2018年にフランス、昨年9月にはドイツ、そして今年3月には英国と、欧州主要国がアジア戦略・世界戦略を相次いで発表し、その中でインド太平洋の安全保障を強調している。
この8月からはドイツのフリゲート艦が日本を含む東アジアに寄港する予定だし、5月からは、建設費30億ポンドの英国最大級の空母「クイーン・エリザベス」が、海軍艦船6隻、潜水艦1隻、ヘリコプター14機、米海軍駆逐艦USS「サリバン」とオランダのフリゲート艦HNLMS「エベルトン」を同行して、7カ月間にわたってインド・韓国・日本・シンガポール・フィリピンなど40カ国を訪問し、合同演習を行う。
フォークランド紛争以来の最大の海空攻撃能力の海外派遣だ。
5月中旬には日米仏3カ国の陸上部隊による日本国内でのはじめての本格的な共同訓練が、陸上自衛隊の霧島演習場(宮崎県えびの市、鹿児島県湧水町)と相浦駐屯地(長崎県佐世保市)、九州西方海空域で実施される予定である。
なかでもニューカレドニアに海軍基地を置くフランスは、すでに2014年に「2+2」(日仏外務・防衛大臣会議定期開催の)協定を締結しており、たびたびヘリ空母などが日本に寄港しており、筆者も7~8年前に東京港の岸壁に横付けされたヘリ空母に乗船したことがある。フランスの対日政策広報の一端だ。
欧州の対中脅威認識の増大
こうした欧州主要国のインド太平洋の安全保障に対する関心の増大には、その背景に北朝鮮の核ミサイル脅威や習近平の下での中国の外交攻勢の強化がある。第一列島線付近ではもはや恒常的になっているといわれる中国の艦船と自衛隊・米海軍のにらみ合い、さらに直近ではフィリピンの排他的経済水域への中国艦船の侵入も欧州の危機感を高めている。
3月22日にEU外相理事会が、人権侵害を理由に新疆ウイグル自治区の政府関係者4人と1団体を対象とした制裁を採択したことにも同じことが言える。
一般にはEUの対中制裁は天安門事件直後以来約30年ぶりのこととして、EU対中批判の精鋭化として喧伝された。
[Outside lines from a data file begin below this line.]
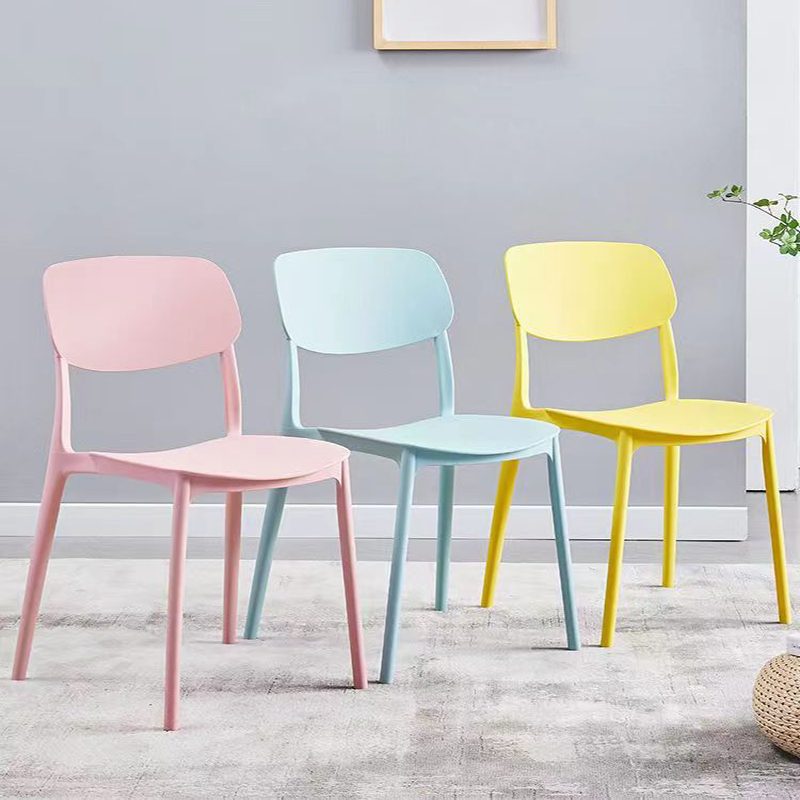 博林创 靠背椅 B012款 轻便椅 /张高清大图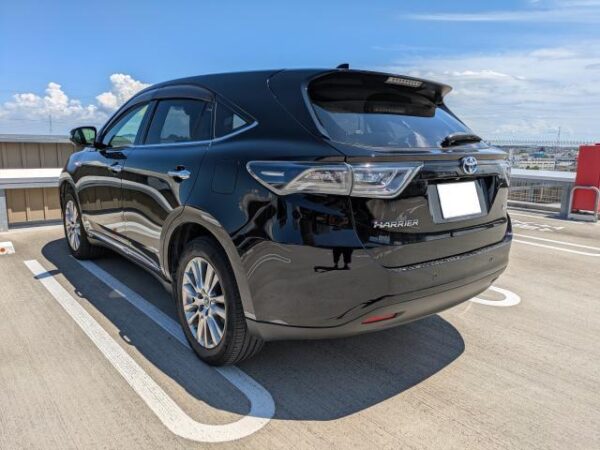 Ref:AUX-18210304 TOYOTA HARRIER HYBRID 2014 - Image 2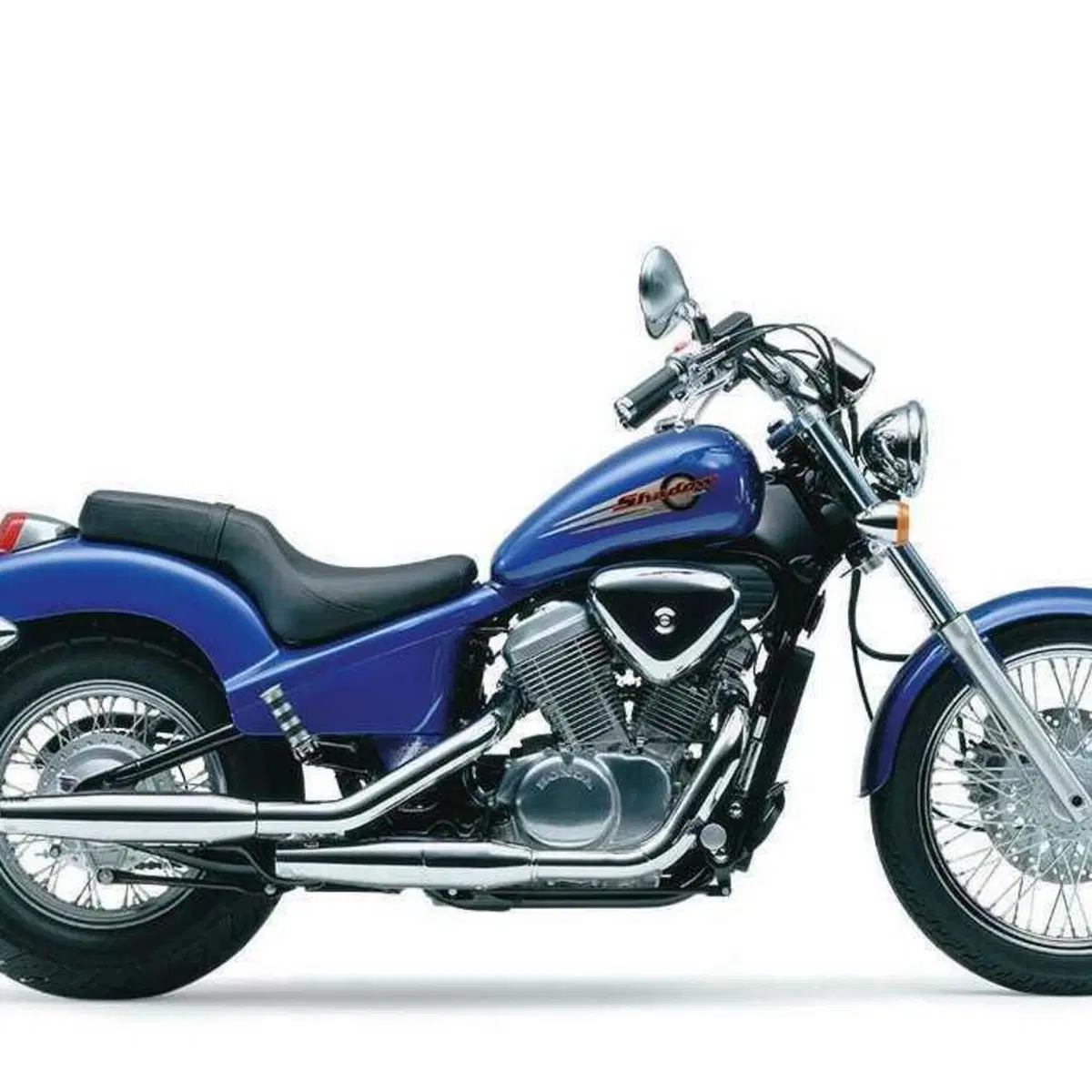 Honda VT 600 C Shadow (1989 - 02)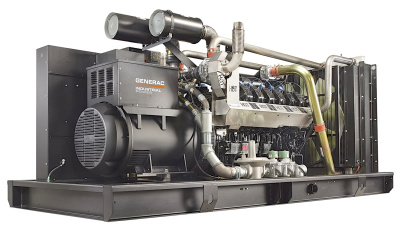 Газовый генератор Pramac GGW250MA с АВР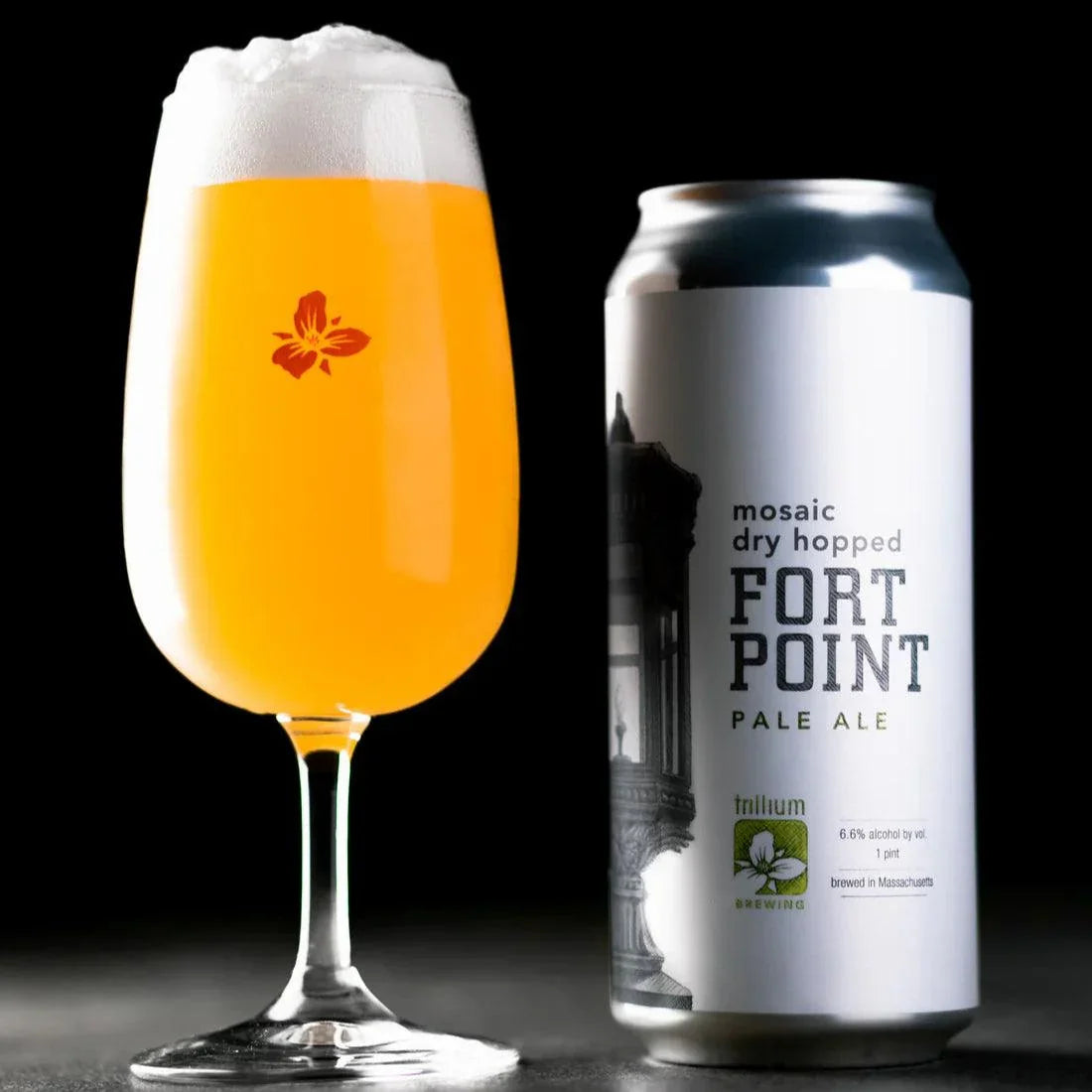 Trillium Brewing Mosaic DH Fort Point 16oz. Can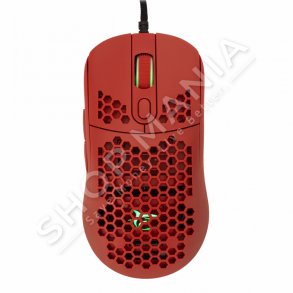 WHITE SHARK - MOUSE OPTIK GALAHAD - GM-5007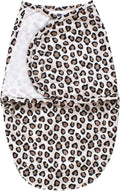 Hudson Baby Unisex Baby Plush Faux Fur Swaddle Wrap by HudsonBaby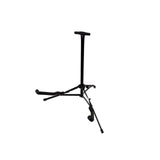 Maxbell Guitar Floor Stand Sturdy Folding for Ukulele Classical Guitars Bass Guitars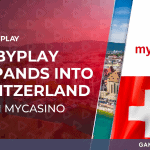 RubyPlay Enters the Swiss Market for the First Time via Partnership with mycasino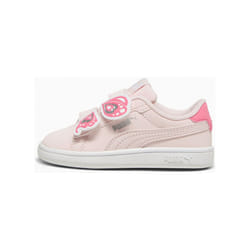 Puma Smash 3.0 Butterfly Rose / Blanc / Argent - 22
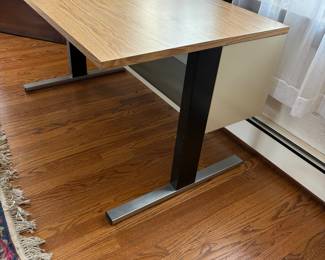 Storage Cubbie in MCM Office Desk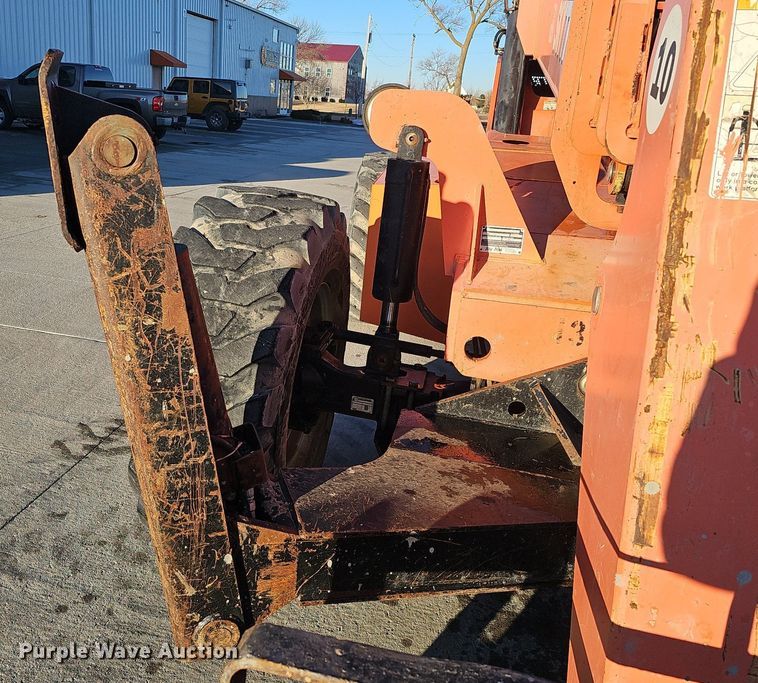 image for item DK0575 2006 JLG 10054 telehandler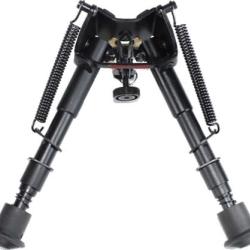 BIPIED 6-9 GRENADIERE RAIL WEAVER PIEDS RETRACTABLES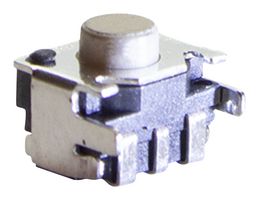 SAME SKY TS41-4539-35-WT-160-SMT-TR TACTILE SW, SPST-NO, 0.05A, 12VDC, SMD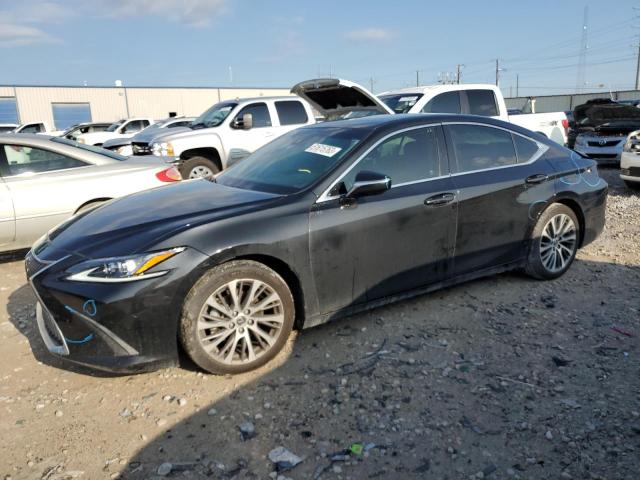 LEXUS ES 350 2020 with VIN 58ADZ1B19LU082377 - Photo from auction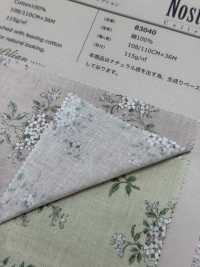 83040 Colección Nostalgia Del Césped SEVENBERRY® Retales Naturales Lillian[Fabrica Textil] VANCET Subfoto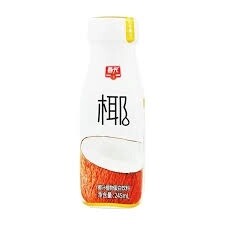 CG Coconut Juice Drink 春光椰汁 245ml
たしかに昨年12月にEUは「グローバル人権制裁制度」を導入して人権監視行動を強化していた。
またEUは2019年3月の「EU・中国戦略構想」の中で中国を、①交渉相手、②経済的競争者であると同時に、③体制上のライバルと性格づけたことで、この文書は大きな注目を浴びた。まさに価値観や考え方の違いを明確にしたEUから中国への牽制であった。